Tongaat Hulett business rescue practitioners (BRPs) have unveiled their business rescue plan for the group’s property division, Tongaat Hulett Developments (THD), which involves selling assets, cutting jobs and ultimately to wind down the company.

In a media statement, the practitioners said they would release the business rescue plans for holding company Tongaat Hulett and subsidiaries Voermol Feeds and Tongaat Hulett Sugar South Africa by the end of the month. “The optimal manner in which to realise value for creditors is to dispose of assets [of the Tongaat property portfolio] in a controlled manner,” the practitioners said in their plan which was released on May 19. Tongaat Hulett and its subsidiaries have been in business rescue since the end of October last year.

Tongaat creditors will vote on the THD business rescue plan at a meeting on May 30. “The extent of the challenges faced by Tongaat Hulett, and its current strained financial position, are well publicised and arose from years of high and increasing debt levels, financial misstatements and historic mismanagement,” the practitioners wrote. During 2019, a forensic investigation uncovered material accounting irregularities that resulted in the restatement of the company’s historical financial information.

The restated financial statements reflected R2.3-billion had overstated the company’s total assets, and the company’s total liabilities (excluding deferred taxation) had been understated by R849-million.

“As a consequence of the accounting irregularities, the company’s former directors and senior executives are currently engaged in criminal and civil proceedings,” said the practitioners said. Tongaat had property assets of about R2-billion at the end of October last year but owed creditors R7.7-billion by the end of April 2023, including R7.2-billion owed to secured creditors such as Standard Bank, Nedbank, Absa, FirstRand group banks, Investec, the Land and Agricultural Development Bank of South Africa, Momentum Metropolitan Life and Ashburton Fund Managers.

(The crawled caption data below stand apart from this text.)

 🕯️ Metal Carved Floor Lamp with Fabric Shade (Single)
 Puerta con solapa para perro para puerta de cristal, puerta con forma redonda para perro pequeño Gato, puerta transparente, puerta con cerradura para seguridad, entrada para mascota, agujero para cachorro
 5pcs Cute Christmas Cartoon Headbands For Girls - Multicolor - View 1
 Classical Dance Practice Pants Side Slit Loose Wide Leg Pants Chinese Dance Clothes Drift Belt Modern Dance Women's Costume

“Regrettably, it is not anticipated that there will be any return for the company’s shareholders,” the practitioners said. “Ultimately, the business rescue contemplates a controlled wind-down, winding-up/liquidation and/or deregistration of the company and relevant subsidiaries of the company,” the practitioners said. “Net effect of the business rescue will be the realisation of better distributions to creditors that would have been the case if the company had been immediately liquidated,” the BRP wrote in the plan.

BDO, a company advising the practitioners, and prepared the independent liquidation dividend estimate, put the net realisable value of the company’s assets to be about R177-milliom against its liabilities, including contingent liabilities, to be R7.5- billion.

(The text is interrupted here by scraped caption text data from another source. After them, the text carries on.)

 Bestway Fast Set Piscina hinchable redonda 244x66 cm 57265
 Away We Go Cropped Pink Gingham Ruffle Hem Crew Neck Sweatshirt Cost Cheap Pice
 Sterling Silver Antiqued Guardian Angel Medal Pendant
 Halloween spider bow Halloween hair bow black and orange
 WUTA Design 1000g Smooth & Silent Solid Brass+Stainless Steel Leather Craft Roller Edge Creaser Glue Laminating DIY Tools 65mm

“On successful implementation of the business rescue plan, secured creditors are, in the aggregate, expected to receive distributions of around seven cents in the rand compared to 2.5 cents forecast if the company went into liquidation,” the practitioners wrote. “The currently realisable value of its property portfolio (i.e. immediate sale without further development) is materially less than its current obligations,” said the practitioners.

The BRPs said the company intended to start a Section 189 process that would lead to the retrenchment of employees. The BRPs wrote that they would aim to limit job losses, but the envisaged retrenchments were required given the company’s financial distress and inevitable winding down. Tongaat employs 2 500 people, and during the peak of the sugar season, the company employed over 23 0000 people, created more than 185 000 employment opportunities and provided a livelihood to over 21 000 farmers – most of whom are small-scale black growers. Retrenched employees would be entitled to their full contractual retrenchment packages, the practitioners said.

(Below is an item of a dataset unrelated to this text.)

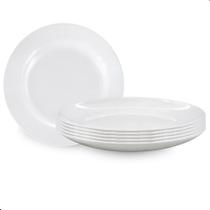 Jogo 12 Pratos Rasos de Vidro Opaline Branco para Sobremesa Jogo 12 Pratos Rasos de Vidro Opaline Branco para Sobremesa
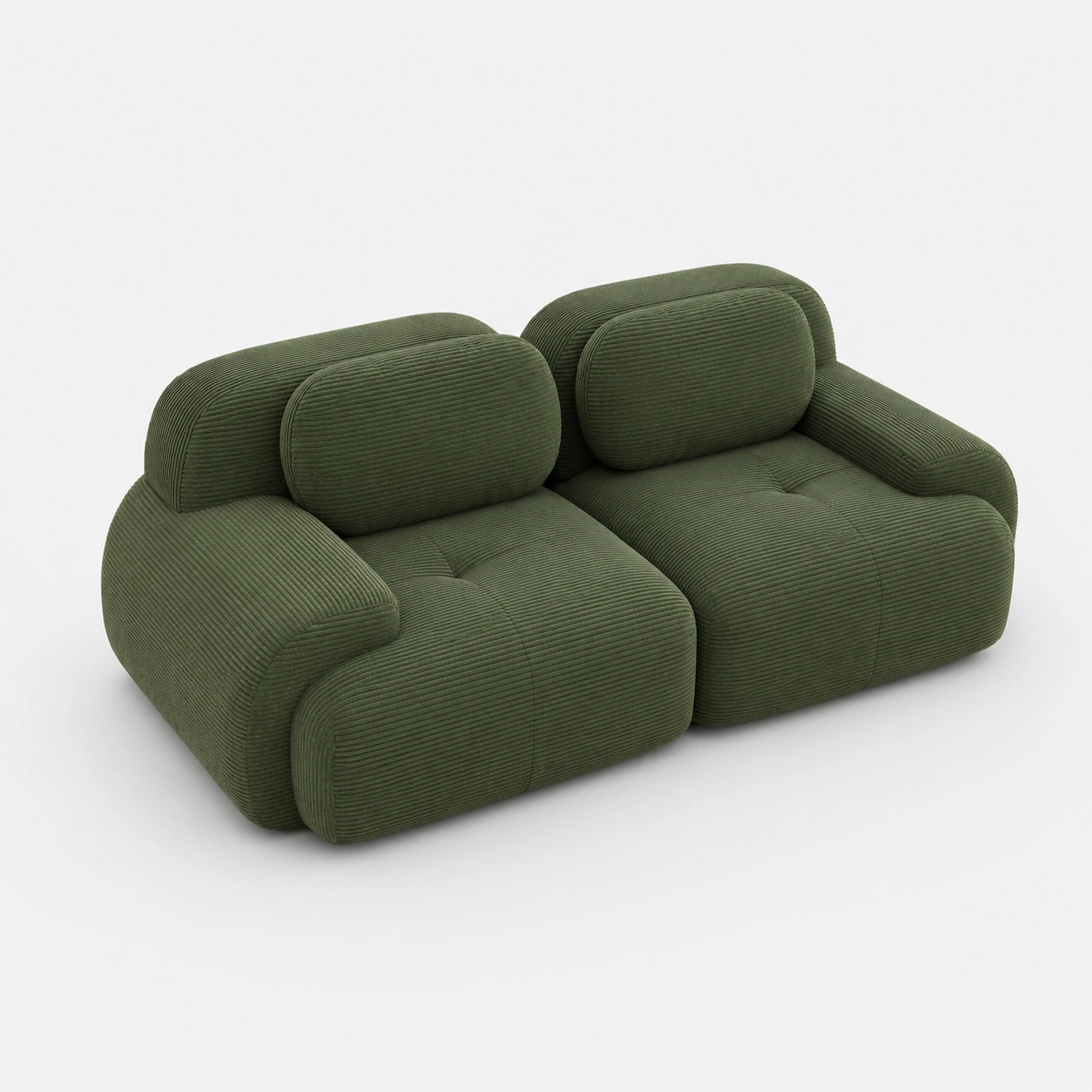 Sofa de dos plazas de pana color verde-rovinanest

Tongaat owns 14 sugar production facilities that can crush 12.7 million tons of sugarcane. For the business rescue plan to be adopted, creditors with over 75% of the voting interest must vote in support of the business rescue plan, and the vote needs to include at least 50% of the independent creditors’ voting interests. If the Tongaat creditors approve the BRPs’ plan, the BRPs expect to substantially complete the sale of the group’s property portfolio within one year of the plan’s approval.

Tongaat owns land primarily located in KwaZulu-Natal. Over the past three decades, the company has rezoned, serviced and sold about 4,000 hectares of land comprising about 5.5 million square metres of bulk developable rights. Through the sale of the land, the company has facilitated the creation of numerous prominent developments in the province, including Mount Edgecombe, La Lucia Ridge, Gateway, Umhlanga Ridge Town Centre, Zimbali, Izinga, Sibaya and Cornubia.